Krise veränderte Markt für Drogen und Konsum

Die Coronavirus-Krise und besonders die Ausgangsbeschränkungen in vielen Ländern Europas im Frühjahr 2020 haben den Drogenmarkt und die Situation der Konsumentinnen und Konsumenten stark verändert.

Der Drogenhandel über Darknet, Social-Media-Plattformen sowie Paket- und Heimlieferdienste hat deutlich zugenommen, zeigt der heute in Lissabon veröffentlichte Europäische Drogenbericht 2020. Hilfseinrichtungen für Suchtkranke wiederum waren vielerorts zur Aufgabe oder Einschränkung ihrer Tätigkeit gezwungen.

Grafik zeigt Daten zum Drogenkonsum in der EU
Grafik: APA/ORF.at; Quelle: EMCDDA

Pandemie hatte „störende Auswirkungen“

In ganz Europa wurden heuer „in Friedenszeiten beispiellose restriktive Maßnahmen unterschiedlichen Ausmaßes ergriffen“, hält die EU-Drogenbeobachtungsstelle EMCDDA in ihrem 25. Jahr der Beobachtung der Drogensituation in der EU fest.

„Die Covid-19-Pandemie hatte unmittelbar störende Auswirkungen auf den Drogenkonsum, das Drogenangebot und die Drogenhilfeeinrichtungen und brachte die besonderen Bedürfnisse von Menschen, die Drogen konsumieren, ans Licht“, betonte EMCDDA-Direktor Alexis Goosdeel in einer Aussendung.

Organisierte Banden änderten rasch ihr Vorgehen, weil der Straßenverkauf von Drogen durch die Einschränkung der Bewegungsfreiheit schwierig war. Auf Großhandelsebene nahm der Schmuggel auf dem Luftweg ab. Die Herstellung synthetischer Drogen und der Cannabisanbau in Europa waren dagegen von den Lockdowns weitgehend unbeeinflusst.

Kokain spielt zunehmende Rolle

Kokain spielt beim Drogenkonsum in Europa eine zunehmende Rolle. Im Vorjahr haben geschätzt 4,3 Millionen Menschen in der EU Kokain eingenommen, das sind 1,3 Prozent der 15- bis 64-Jährigen und rund 400.000 Personen mehr als im Jahr 2018.

Hinter Kokain folgt Ecstasy (MDMA/Methylen-Dioxy-Methyl-Amphetamin) mit rund 2,7 Millionen Konsumentinnen und Konsumenten im Vorjahr. Hier gab es einen Anstieg um rund 100.000 Personen. Der Amphetaminkonsum stieg um rund 300.000 auf geschätzt zwei Millionen Abnehmerinnen und Abnehmer.
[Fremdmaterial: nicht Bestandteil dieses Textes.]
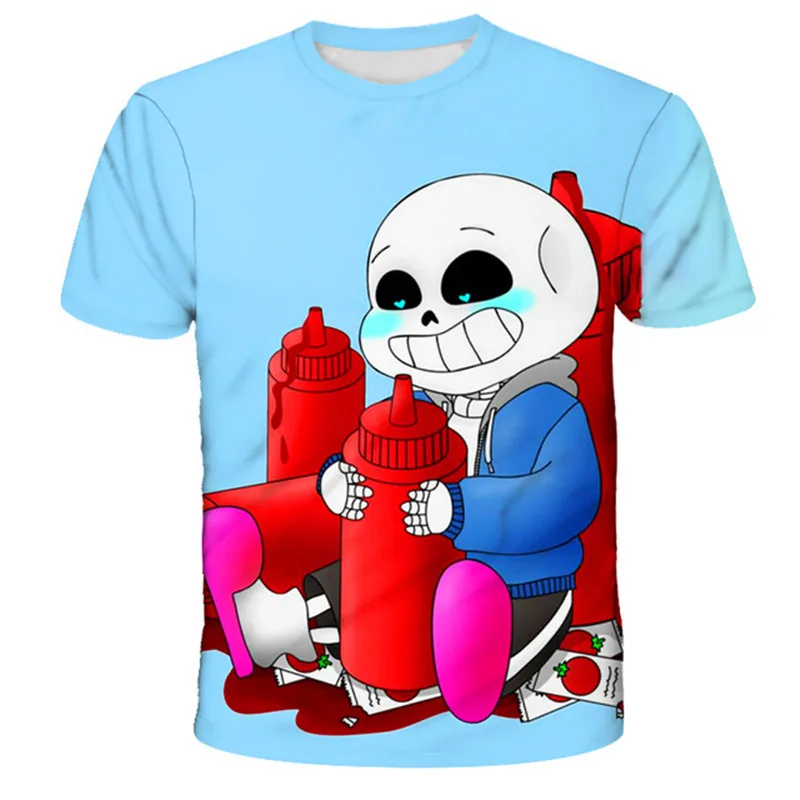 couple t shirt 2022 Summer Fashion Skeleton Brother T shirt Game Undertale Sans Kids 3D Printed Cartoon T shirt For Boys Girls summer Tops couple t shirt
Die Zahl der Hochrisiko-Opioid-Konsumierenden in der EU blieb mit 1,3 Millionen konstant (Daten von 2018). Opioide wurden bei 82 Prozent aller tödlichen Überdosierungen nachgewiesen. Grund zur Sorge geben laut EMCDDA die größer werdenden Mengen Heroin, die in der EU beschlagnahmt wurden.

Gesundheitliche Risiken

Die große Mehrheit (69 Prozent) der in der EU sichergestellten Drogen betraf allerdings Cannabisprodukte. Cannabisharz und Cannabiskraut weisen dabei heute im Schnitt doppelt so viel des Drogeninhaltsstoffes THC (Tetrahydrocannabinol) auf wie noch vor zehn Jahren. Außerdem wurde in den vergangenen drei Jahren fast wöchentlich eine Neue Psychoaktive Substanz (NPS) erstmals in Europa entdeckt, im Vorjahr waren es insgesamt 53. Hinzu kamen im Jahr 2019 acht neue nicht kontrollierte synthetische Opioide.

Die höhere Verfügbarkeit illegaler Substanzen berge hohe Risiken für die Gesundheit, so die EMCDDA. Sie fordert einen besseren Zugang zu Präventions-, Test- und Behandlungsmaßnahmen von Hepatitis C für Menschen, die Drogen injizieren.